'It is a medium' is the message: Animators, puppeteers celebrated at Festival of Animated Objects
It's a 20-day festival hosted by a number of Calgary venues with 118 creators from southern Alberta featured along with four international performers from France.
The Festival of Animated Objects showcases the wildest imaginations come to life on stage and screen with puppets and masks.
Mackenzie Bedford, an animator as well as the festival's marketing co-ordinator, says this year's event is for people of all ages.

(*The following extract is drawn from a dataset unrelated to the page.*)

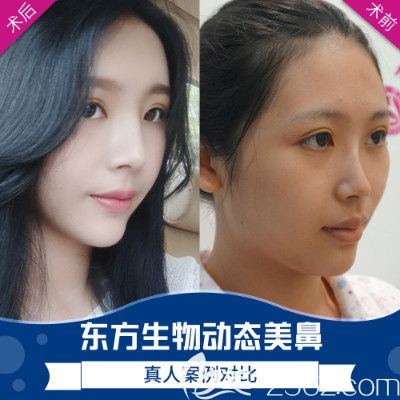 廣州荔醫(yī)張勇做的隆鼻失敗修復(fù)和肋軟骨隆鼻案例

"It's not just for kids," Bedford said.
"Puppetry, animation, mask arts, they seem to really resonate with children, but it is a medium. It is not a genre. It's not just cartoons. You can create some really deep, heavy, thought-provoking work with puppets and masks with frame-by-frame animation."
The festival will host a number of exhibits and workshops on how to make a puppet or mask along with animation screenings.
"I believe it's important to showcase this art form because it is timeless," Bedford said.
"It is one of the oldest art forms we've had. It's still here, there are still stories that you can only tell with puppets, with masks, with animation, because real life just doesn't have that."
This year's international feature is by four members of Label Brut from France called ici ou (pas) la.
It's a wordless show using fragmented puppets and projectors, about understanding the body and coming to self-acceptance.
"On Friday (March 17), ici ou (pas) la, in English that means 'here are not there,'" Bedford said.
"It is a show about how to just find your space within yourself and grow in your body through change and metamorphosis, and that's for ages eight and up."
Celestine Twigg, a grades 7-12 Blackfoot language teacher at F.P. Walshe High School in Fort Macleod, Alta., worked on an animation project highlighting English words with their Blackfoot translation, helping produce 29 short cartoons.
"I like to make it easier and fun to learn, so I use any kind of tools (in the classroom)," Twigg said.
"I use pictures and my hands a lot, I've used puppets and I get all these kinds of ideas through cartoons, especially Sesame Street – it's my favourite and that's the best tool so far."
It was Twigg's dream to have cartoons made so more people could learn the language.
She says some of her students take to it quickly while others aren't interested because it's too hard to learn.
"It was my first language and so nowadays, the young (generation), it's their second language," she said.
"For me, the language is who we are and we want to keep it going."
Twigg worked with producer Xstine Cook, who is also the co-artistic director and founder of festival.
Cook learned that the Blackfoot language only uses 16 characters compared to the English language's 26.
"So, the words tend to be really long and if you just hear it for the first time as an English speaker, it's impossible to understand what you're even hearing," she said.
Along with the animation, the Blackfoot word is spelled out at the bottom of the screen, where the syllables are highlighted to help viewers sound it out.
Cook and Twigg are impressed by what the animators came up with to showcase the translations.